In Fiat Money Inflation in France, Andrew Dickson White presents the still-largely-unknown story of a major factor behind the French Revolution. As John Mackay writes in the foreword,
It records the most gigantic attempt ever made in the history of the world by a government to create an inconvertible paper currency, and to maintain its circulation at various levels of value. It also records what is perhaps the greatest of all governmental efforts — with the possible exception of Diocletian's — to enact and enforce a legal limit of commodity prices. Every fetter that could hinder the will or thwart the wisdom of democracy had been shattered, and in consequence every device and expedient that untrammelled power and unrepressed optimism could conceive were brought to bear. But the attempts failed. They left behind them a legacy of moral and material desolation and woe, from which one of the most intellectual and spirited races of Europe has suffered for a century and a quarter, and will continue to suffer until the end of time. There are limitations to the powers of governments and of peoples that inhere in the constitution of things, and that neither despotisms nor democracies can overcome.

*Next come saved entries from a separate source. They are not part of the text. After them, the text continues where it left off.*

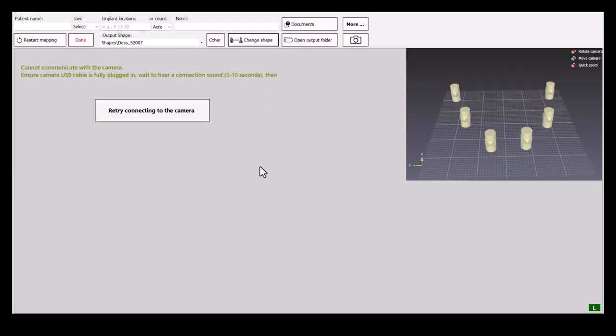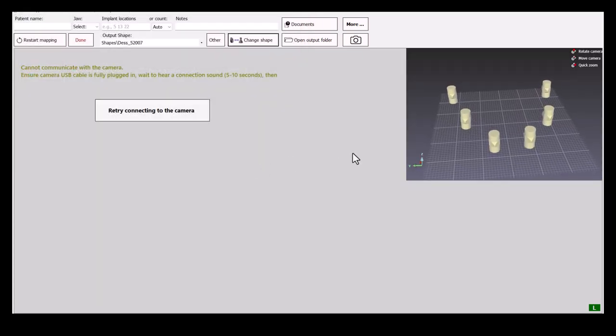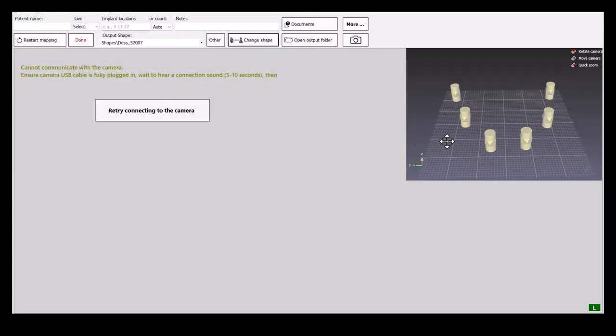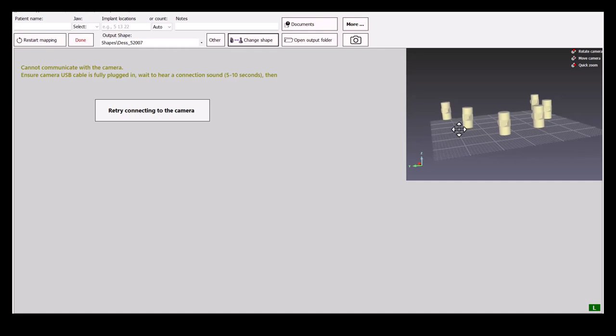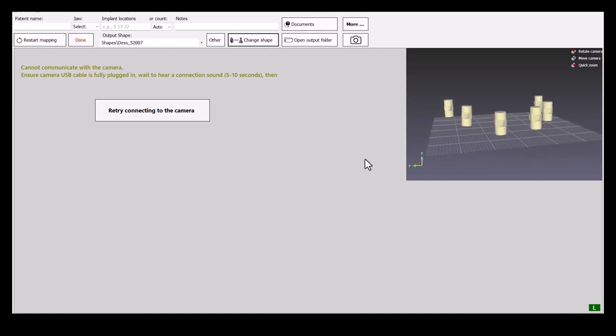Once opened, you can see that the output shape is now changed and saved in the scan directory.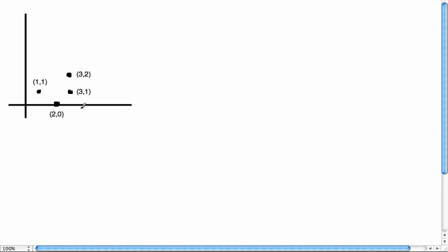Here's another example of finding a least squares solution to a system. We're going to try to fit a parabola through these four points: (1,1), (2,0), (3,1), and (3,2).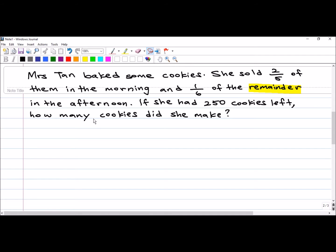Welcome to my video. This is actually a remainder concept problem. How do I know that? Because of the word 'remainder' here, so take note of that.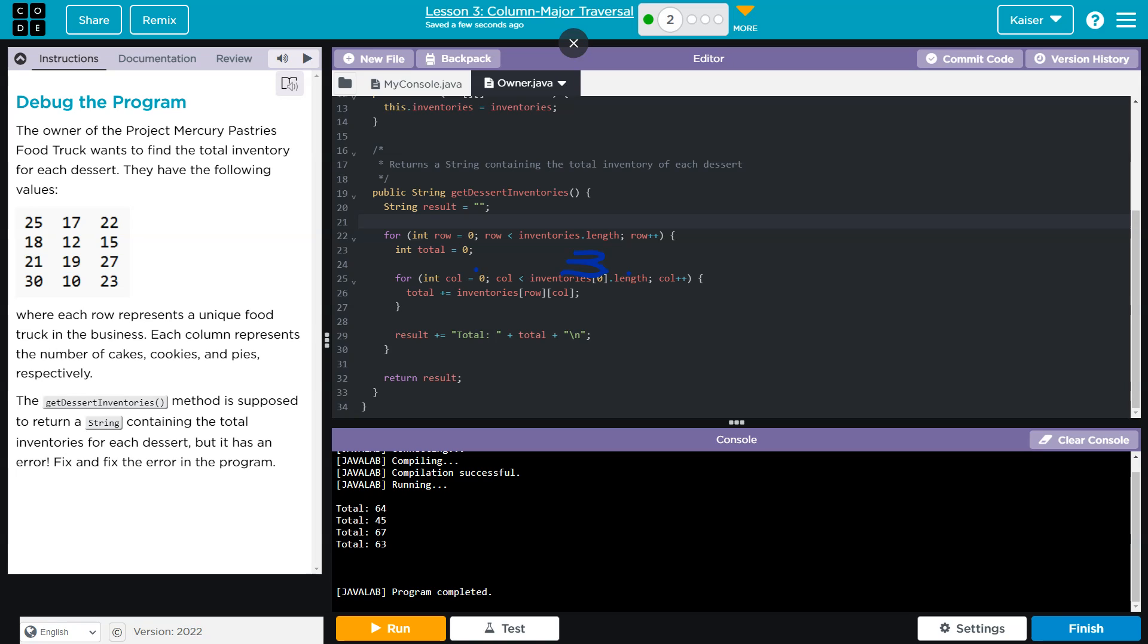And then once we hit 3, col is going to be equal to 3. 3 is not less than 3, and it's done. So then we're adding them up like this. The row right here, the row variable isn't changing. Row is set out here. So it's going to be 0. We go through the entire column. We print it out. We hit the bottom. We go back up here. Now row is 1. We go back down. We go through the entire column of row 1. We print it out. We're going to need the reverse of this.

What's remarkable is how conventional histories of the period treat this huge economic reality as a mere footnote, and that's mostly because historians are not usually alert to the cause-and-effect relationships in economics. But this book is different. The author puts the monetary story right at the center of the action and compellingly shows how it led to a national catastrophe:
[Inflation] brought, as we have seen, commerce and manufactures, the mercantile interest, the agricultural interest, to ruin. It brought on these the same destruction which would come to a Hollander opening the dykes of the sea to irrigate his garden in a dry summer.
It ended in the complete financial, moral and political prostration of France — a prostration from which only a Napoleon could raise it.
This study was first written in 1896, and it has not been surpassed, and nor has its historiographical power been diminished.